▶ [What you have to do]: Copy out precisely the lines of the material that follows, beginning with the line containing "333 E Wilkins" and ending with its last line; exclude pictures.

▶ [Data supplied]:

========================

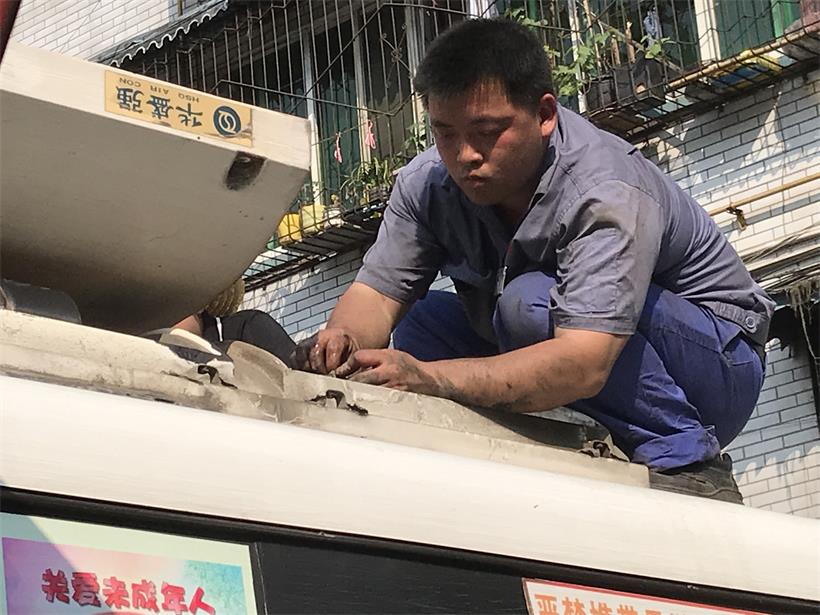 電工，檢修車輛空調.jpg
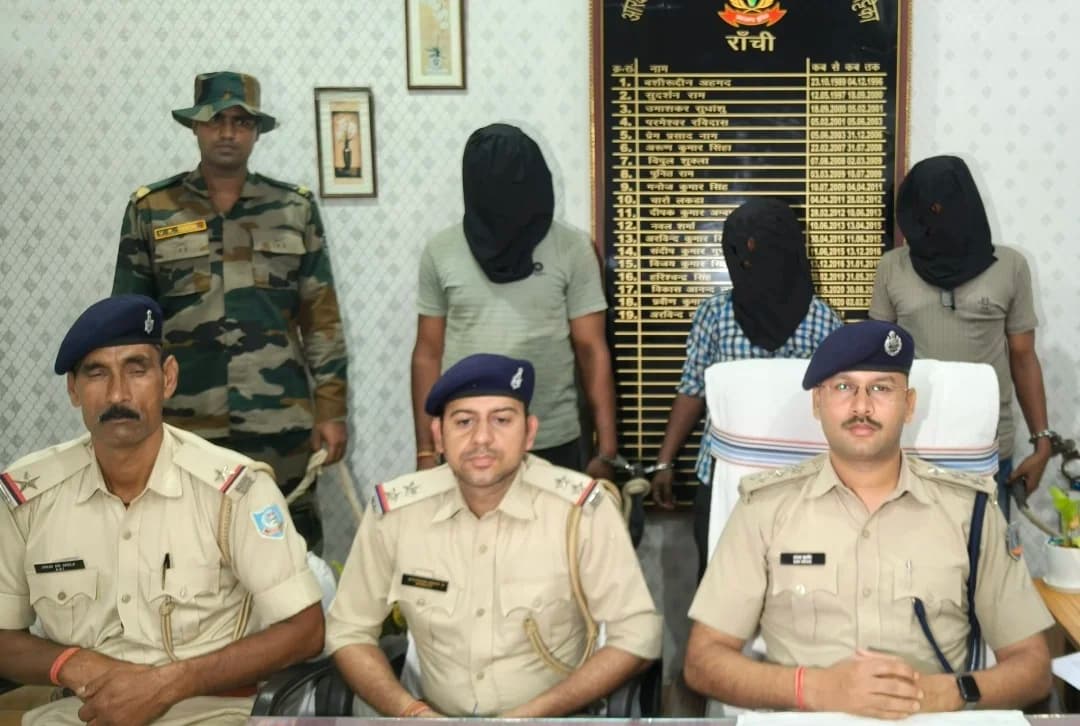 बंद घर में हुई लाखों की चोरी का खुलासा, झारखंड से बंगाल तक फैले गिरोह के 6 आरोपी गिरफ्त में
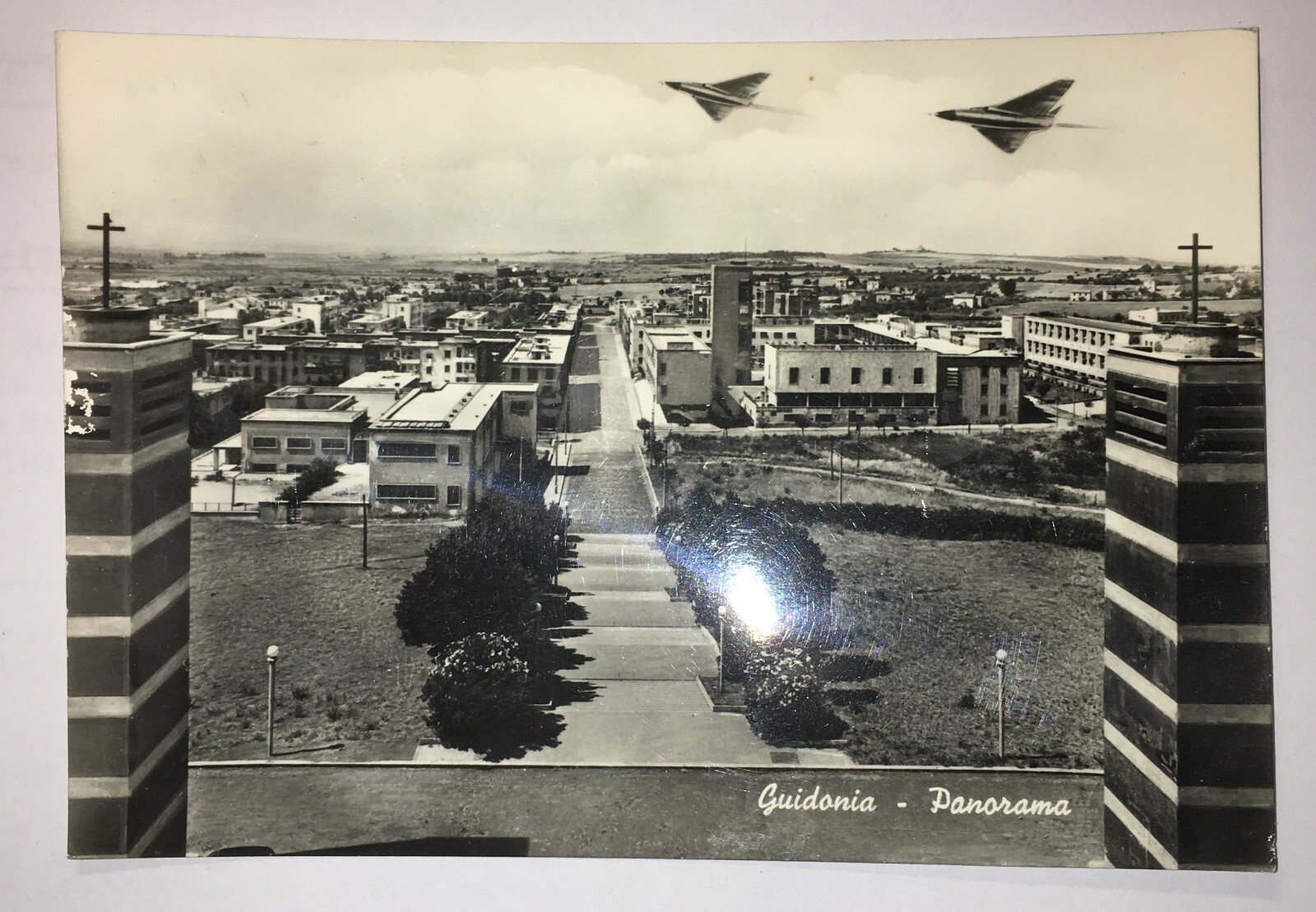 Guidonia: Veduta Fotografica Panoramica Con Aerei In Volo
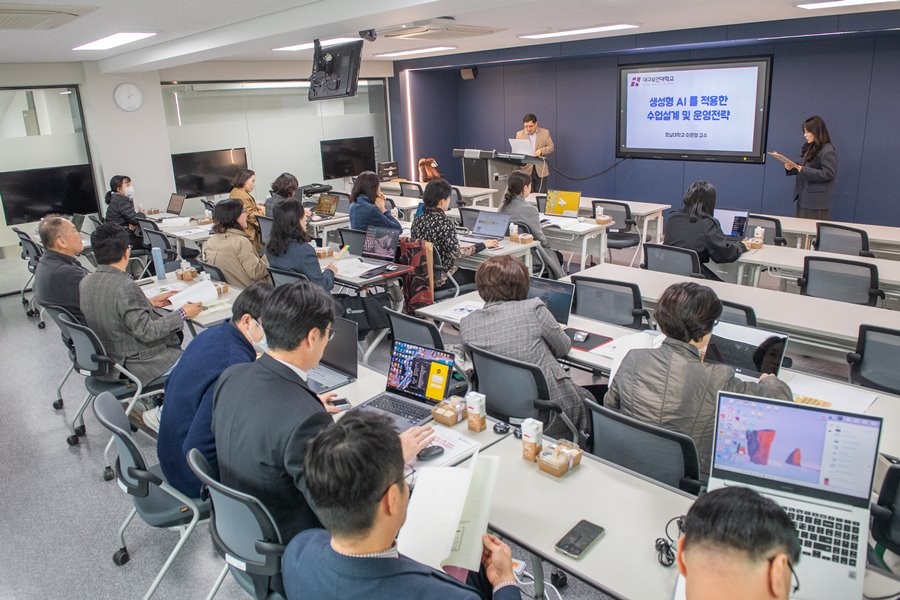 12일 대구보건대 영송관에서  교직원 35명을 대상으로 호남대학교 이문영 교수의 생성형 AI 기반 수업 혁신을 위한 ‘제2회 교수법 특강’을 진행하고 있다.  / 대구보건대학교 제공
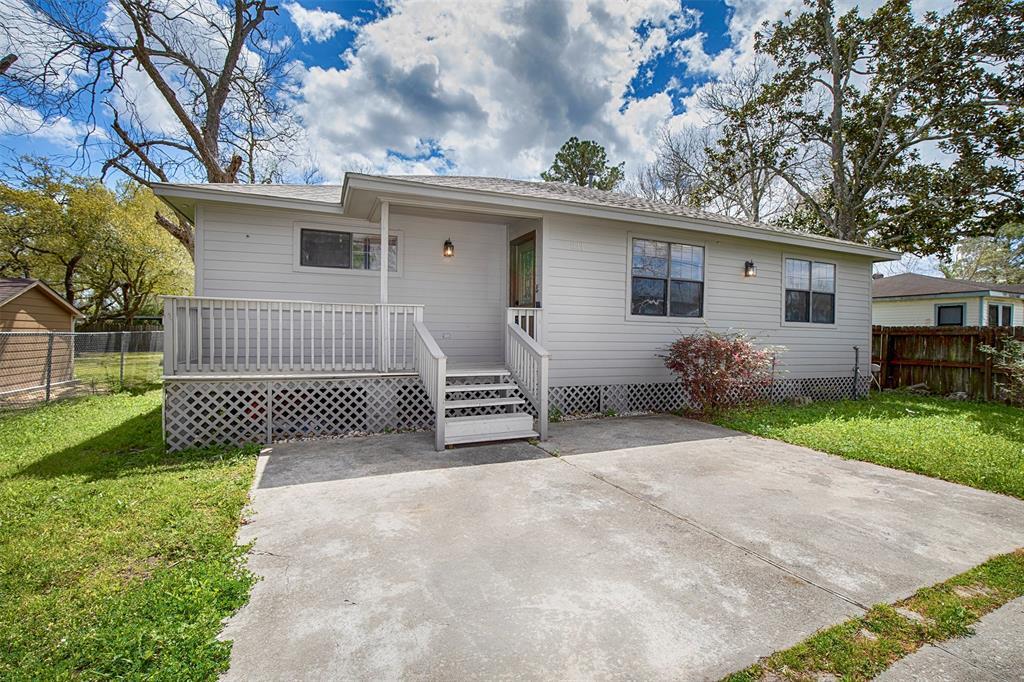 333 E Wilkins St, League City, TX 77573 House for Rent in League City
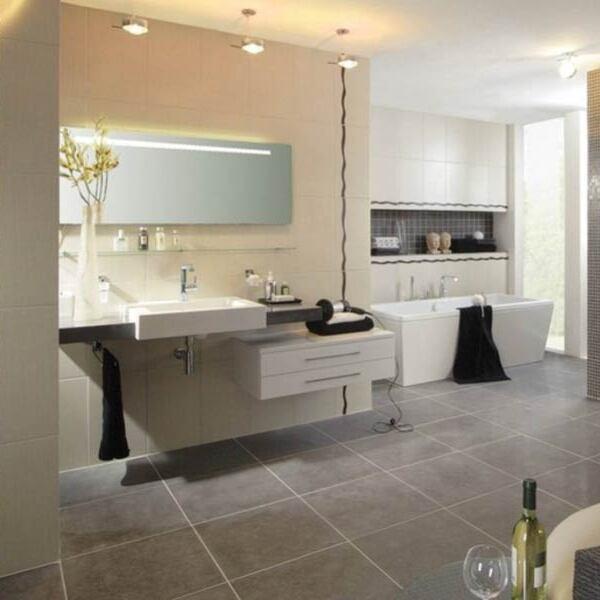 Impression eines geräumigen Badezimmers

========================

▶ [Task output]:
 333 E Wilkins St, League City, TX 77573 House for Rent in League City
 Impression eines geräumigen Badezimmers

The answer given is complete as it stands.